* Exercise prompt
Pictures do not belong in the copy. Return all of the entries exactly.

* Source records
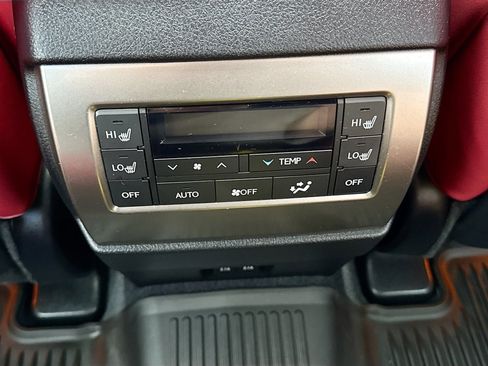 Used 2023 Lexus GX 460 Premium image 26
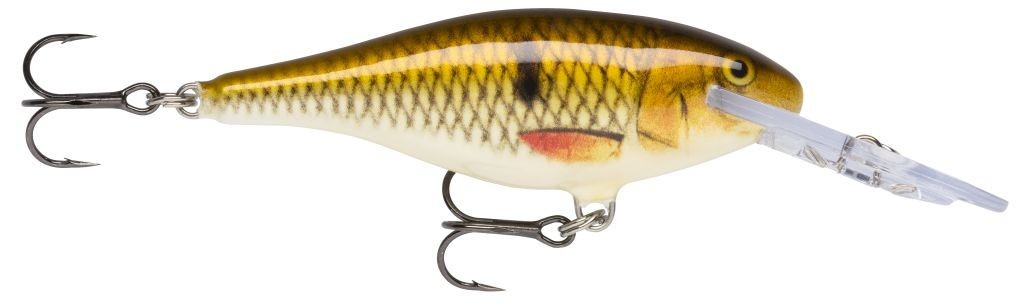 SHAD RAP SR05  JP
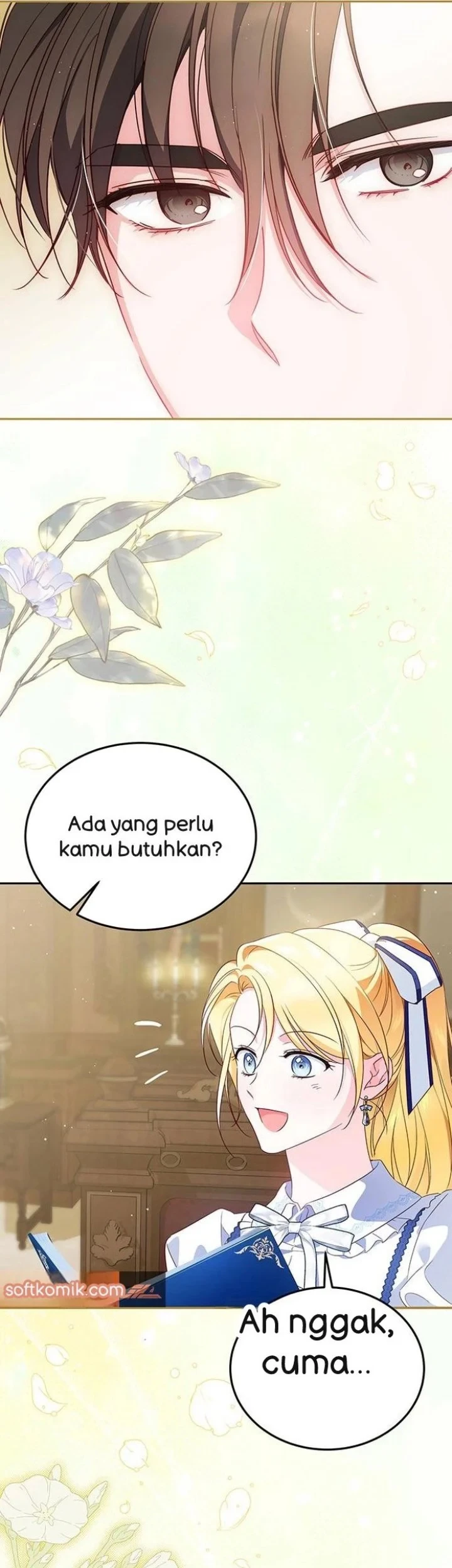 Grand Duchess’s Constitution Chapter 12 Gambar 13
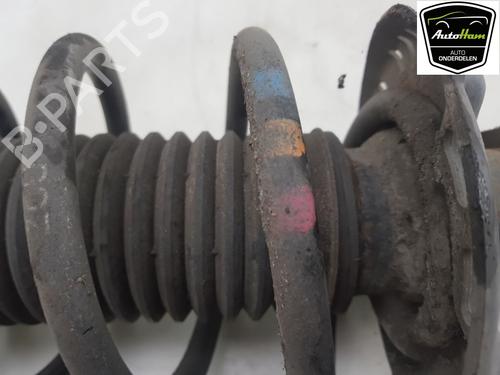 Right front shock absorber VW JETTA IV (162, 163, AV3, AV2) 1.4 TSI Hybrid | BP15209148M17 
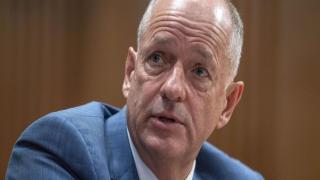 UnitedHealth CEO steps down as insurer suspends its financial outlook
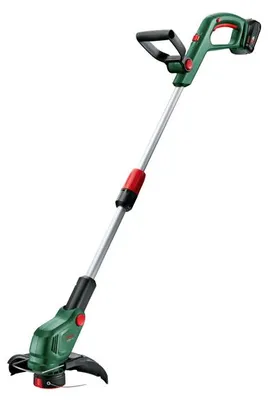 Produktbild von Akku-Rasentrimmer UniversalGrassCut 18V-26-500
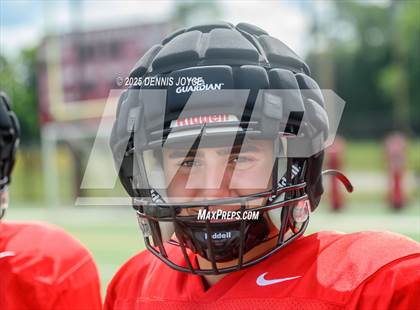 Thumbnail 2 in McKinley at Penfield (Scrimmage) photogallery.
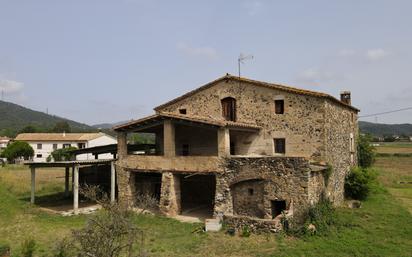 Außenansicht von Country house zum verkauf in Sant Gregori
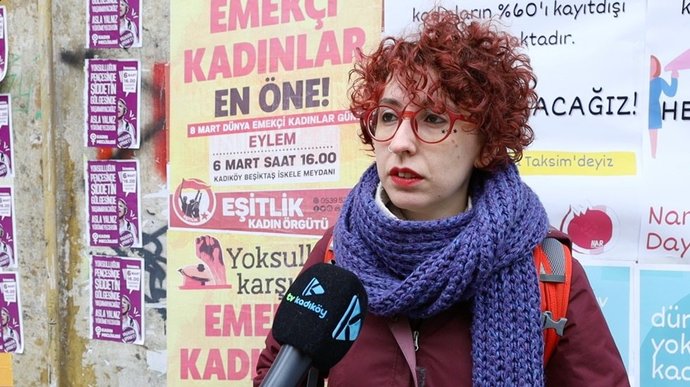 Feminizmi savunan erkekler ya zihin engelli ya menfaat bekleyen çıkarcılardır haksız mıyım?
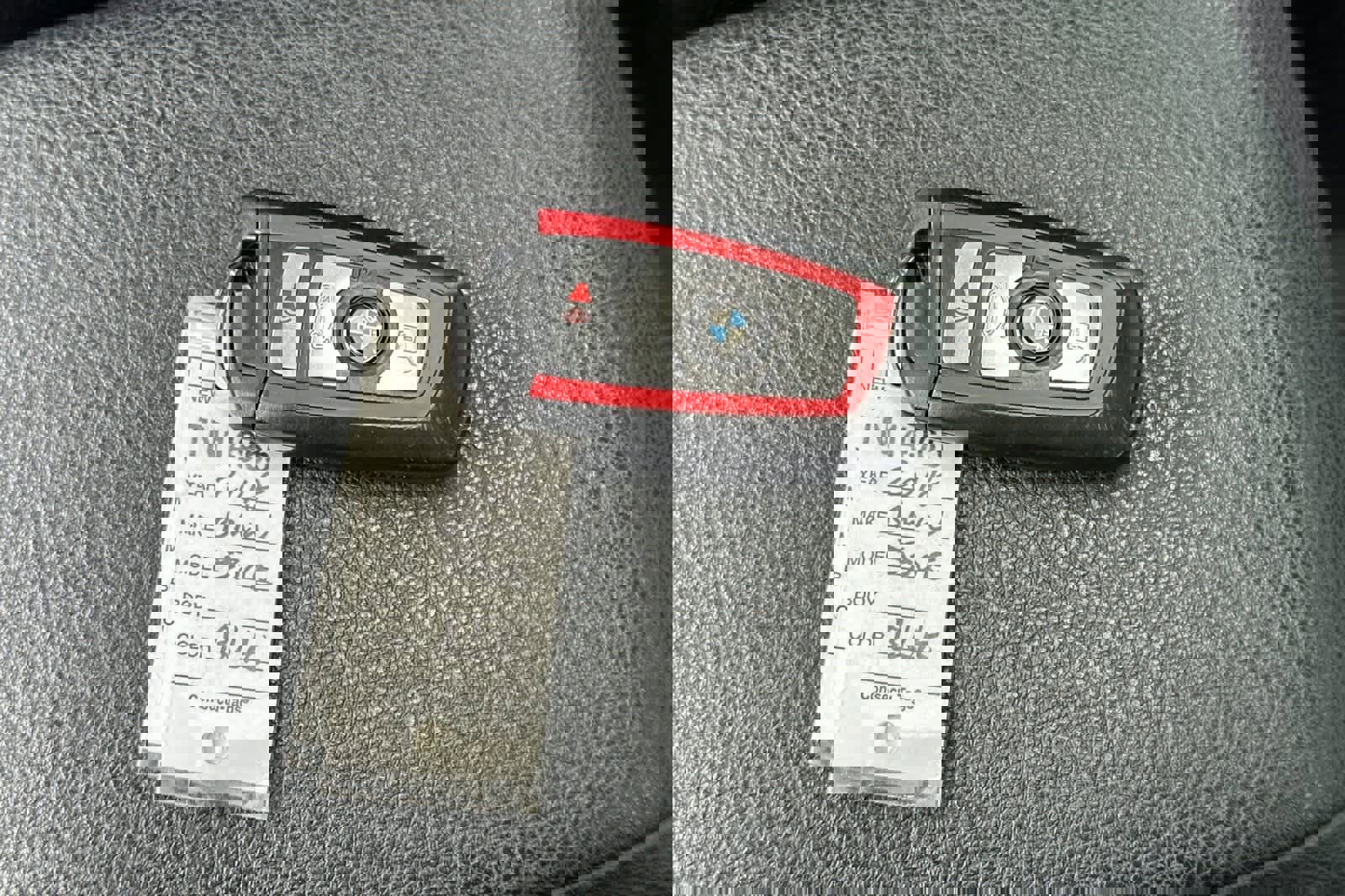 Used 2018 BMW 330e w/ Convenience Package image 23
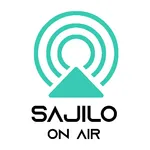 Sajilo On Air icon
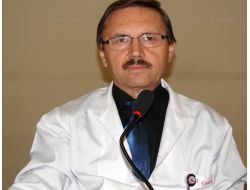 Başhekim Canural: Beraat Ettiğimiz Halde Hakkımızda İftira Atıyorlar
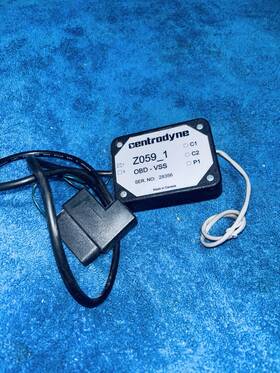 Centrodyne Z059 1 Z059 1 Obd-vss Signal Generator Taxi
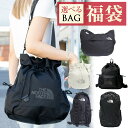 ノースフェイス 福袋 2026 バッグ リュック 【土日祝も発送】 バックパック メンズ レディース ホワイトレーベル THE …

* Task result
 Used 2023 Lexus GX 460 Premium image 26
 SHAD RAP SR05  JP
 Grand Duchess’s Constitution Chapter 12 Gambar 13
 Right front shock absorber VW JETTA IV (162, 163, AV3, AV2) 1.4 TSI Hybrid | BP15209148M17 
 UnitedHealth CEO steps down as insurer suspends its financial outlook
 Produktbild von Akku-Rasentrimmer UniversalGrassCut 18V-26-500
 Thumbnail 2 in McKinley at Penfield (Scrimmage) photogallery.
 Außenansicht von Country house zum verkauf in Sant Gregori
 Feminizmi savunan erkekler ya zihin engelli ya menfaat bekleyen çıkarcılardır haksız mıyım?
 Used 2018 BMW 330e w/ Convenience Package image 23
 Sajilo On Air icon
 Başhekim Canural: Beraat Ettiğimiz Halde Hakkımızda İftira Atıyorlar
 Centrodyne Z059 1 Z059 1 Obd-vss Signal Generator Taxi
 ノースフェイス 福袋 2026 バッグ リュック 【土日祝も発送】 バックパック メンズ レディース ホワイトレーベル THE …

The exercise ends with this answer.